> _DIRECTIONS FOR THIS TASK_:
The pictures stay out. Please retype every line below exactly.

> _COLLECTED DATA_:
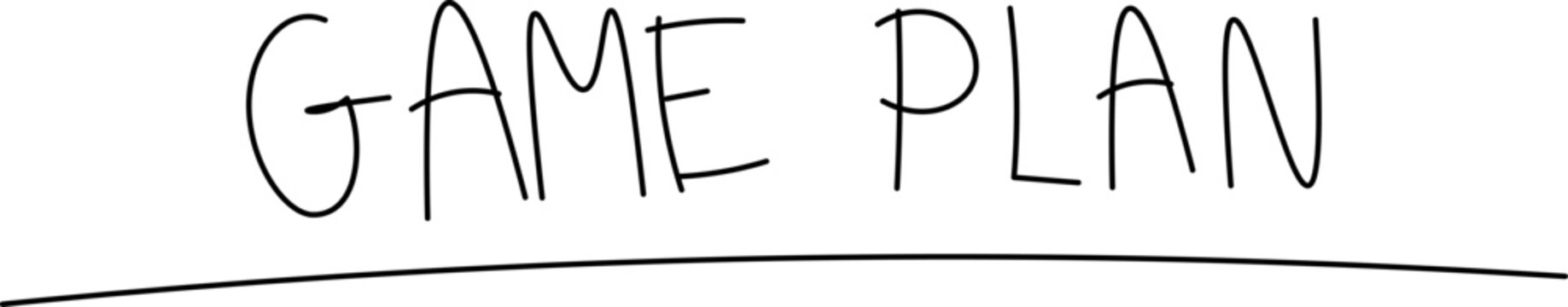 Handwritten text game plan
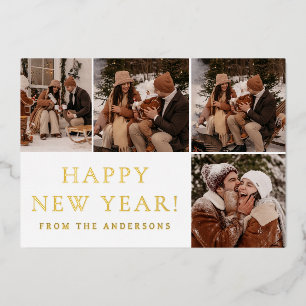 Elegant Modern Happy New Year Family 4 Photo Foil Holiday Card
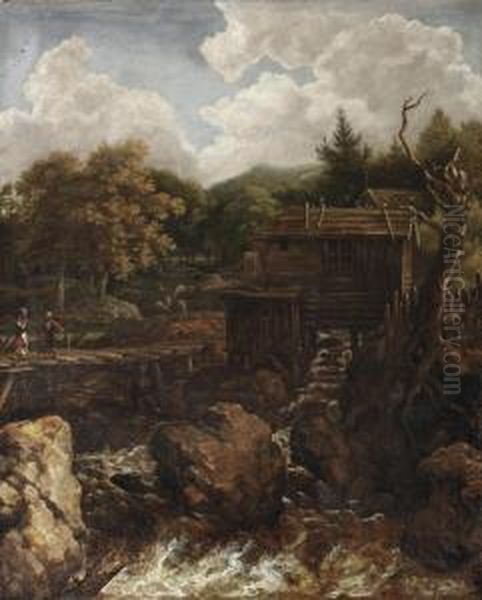 A Scandinavian Landscape With A Watermill And Figures On A Bridge Oil Painting by Allart Van Everdingen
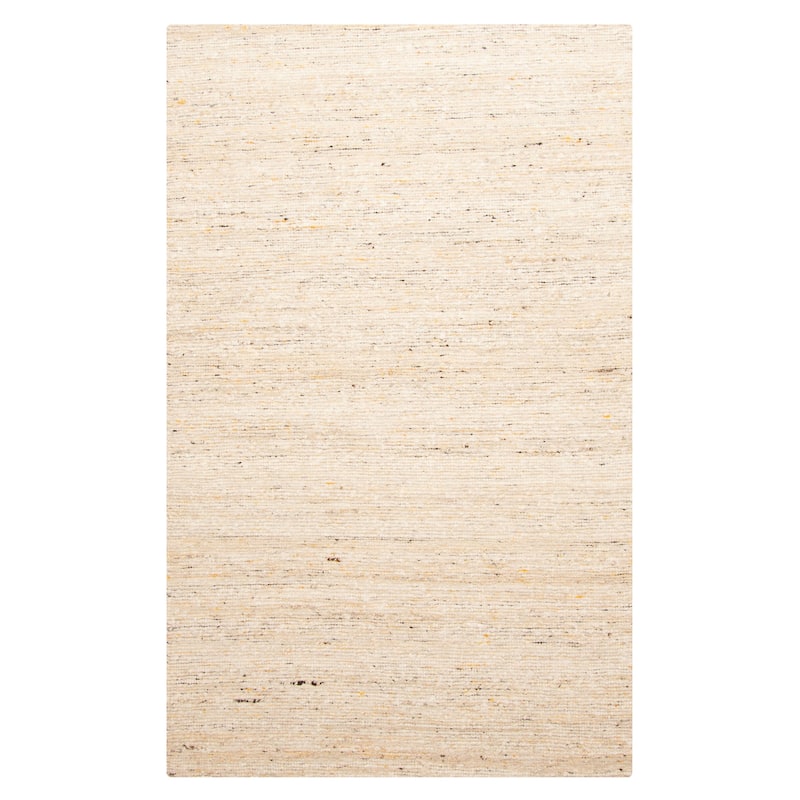 ECARPETGALLERY Braid weave Sienna Beige, Cream Wool Rug - 5'0 x 7'11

> _SOLUTION BELOW_:
 Handwritten text game plan
 Elegant Modern Happy New Year Family 4 Photo Foil Holiday Card
 A Scandinavian Landscape With A Watermill And Figures On A Bridge Oil Painting by Allart Van Everdingen
 ECARPETGALLERY Braid weave Sienna Beige, Cream Wool Rug - 5'0 x 7'11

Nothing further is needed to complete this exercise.